In the data below, which lines hold the word "online"? Copy them.
### Supplied material
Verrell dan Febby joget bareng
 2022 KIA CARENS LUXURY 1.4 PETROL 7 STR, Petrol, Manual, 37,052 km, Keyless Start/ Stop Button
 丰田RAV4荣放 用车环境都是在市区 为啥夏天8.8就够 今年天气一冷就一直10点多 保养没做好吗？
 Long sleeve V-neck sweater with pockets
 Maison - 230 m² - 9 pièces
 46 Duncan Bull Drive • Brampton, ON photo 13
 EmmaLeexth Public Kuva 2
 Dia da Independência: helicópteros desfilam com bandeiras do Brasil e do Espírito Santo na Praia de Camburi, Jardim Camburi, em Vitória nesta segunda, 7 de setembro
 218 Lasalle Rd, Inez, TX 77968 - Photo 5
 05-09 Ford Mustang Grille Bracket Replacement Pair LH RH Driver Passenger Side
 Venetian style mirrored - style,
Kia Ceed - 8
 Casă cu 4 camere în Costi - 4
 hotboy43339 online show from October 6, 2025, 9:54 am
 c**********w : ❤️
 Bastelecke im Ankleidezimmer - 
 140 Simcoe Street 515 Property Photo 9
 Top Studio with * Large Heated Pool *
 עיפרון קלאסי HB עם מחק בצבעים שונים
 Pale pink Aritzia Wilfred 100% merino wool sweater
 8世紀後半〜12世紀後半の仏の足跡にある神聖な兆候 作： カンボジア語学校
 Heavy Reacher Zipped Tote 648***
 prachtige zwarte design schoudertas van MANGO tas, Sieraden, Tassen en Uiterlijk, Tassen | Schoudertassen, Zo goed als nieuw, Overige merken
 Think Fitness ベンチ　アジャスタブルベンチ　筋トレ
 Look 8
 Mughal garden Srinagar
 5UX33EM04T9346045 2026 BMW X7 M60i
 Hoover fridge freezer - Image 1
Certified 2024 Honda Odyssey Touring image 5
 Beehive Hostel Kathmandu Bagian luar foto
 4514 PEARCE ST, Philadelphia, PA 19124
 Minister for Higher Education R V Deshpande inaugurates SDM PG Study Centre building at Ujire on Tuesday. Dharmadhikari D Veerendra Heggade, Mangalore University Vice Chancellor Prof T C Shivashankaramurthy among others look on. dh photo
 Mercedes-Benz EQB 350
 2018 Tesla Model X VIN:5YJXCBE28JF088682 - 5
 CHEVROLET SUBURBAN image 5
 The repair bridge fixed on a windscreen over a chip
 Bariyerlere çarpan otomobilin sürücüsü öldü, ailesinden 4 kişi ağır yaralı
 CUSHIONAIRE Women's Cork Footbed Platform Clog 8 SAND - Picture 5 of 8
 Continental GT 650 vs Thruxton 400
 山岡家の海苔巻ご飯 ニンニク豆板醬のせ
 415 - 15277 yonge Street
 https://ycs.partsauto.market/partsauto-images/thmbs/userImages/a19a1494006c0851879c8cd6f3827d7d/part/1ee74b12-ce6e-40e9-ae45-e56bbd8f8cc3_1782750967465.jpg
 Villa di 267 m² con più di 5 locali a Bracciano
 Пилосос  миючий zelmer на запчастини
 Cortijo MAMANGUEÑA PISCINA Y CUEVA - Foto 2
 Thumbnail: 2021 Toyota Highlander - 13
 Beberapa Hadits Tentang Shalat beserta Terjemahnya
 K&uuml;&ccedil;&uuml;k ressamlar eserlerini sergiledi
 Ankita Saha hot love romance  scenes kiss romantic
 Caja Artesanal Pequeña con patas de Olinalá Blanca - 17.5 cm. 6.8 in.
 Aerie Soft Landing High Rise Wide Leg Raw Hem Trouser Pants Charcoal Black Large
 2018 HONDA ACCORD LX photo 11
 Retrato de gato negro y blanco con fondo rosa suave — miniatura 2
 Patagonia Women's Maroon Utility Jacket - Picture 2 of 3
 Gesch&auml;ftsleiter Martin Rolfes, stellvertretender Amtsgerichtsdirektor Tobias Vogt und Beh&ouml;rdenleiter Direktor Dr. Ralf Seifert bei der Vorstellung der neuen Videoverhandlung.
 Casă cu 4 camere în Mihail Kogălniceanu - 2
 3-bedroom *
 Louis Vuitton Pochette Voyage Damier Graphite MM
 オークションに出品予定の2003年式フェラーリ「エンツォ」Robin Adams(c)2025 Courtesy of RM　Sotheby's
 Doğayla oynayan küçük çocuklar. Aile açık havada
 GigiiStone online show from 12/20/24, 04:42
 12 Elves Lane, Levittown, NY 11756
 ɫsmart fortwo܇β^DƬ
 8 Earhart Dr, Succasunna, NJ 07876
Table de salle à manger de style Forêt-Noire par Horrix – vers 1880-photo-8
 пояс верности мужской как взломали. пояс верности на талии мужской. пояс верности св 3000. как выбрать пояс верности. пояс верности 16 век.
######
Written solution:
 hotboy43339 online show from October 6, 2025, 9:54 am
 GigiiStone online show from 12/20/24, 04:42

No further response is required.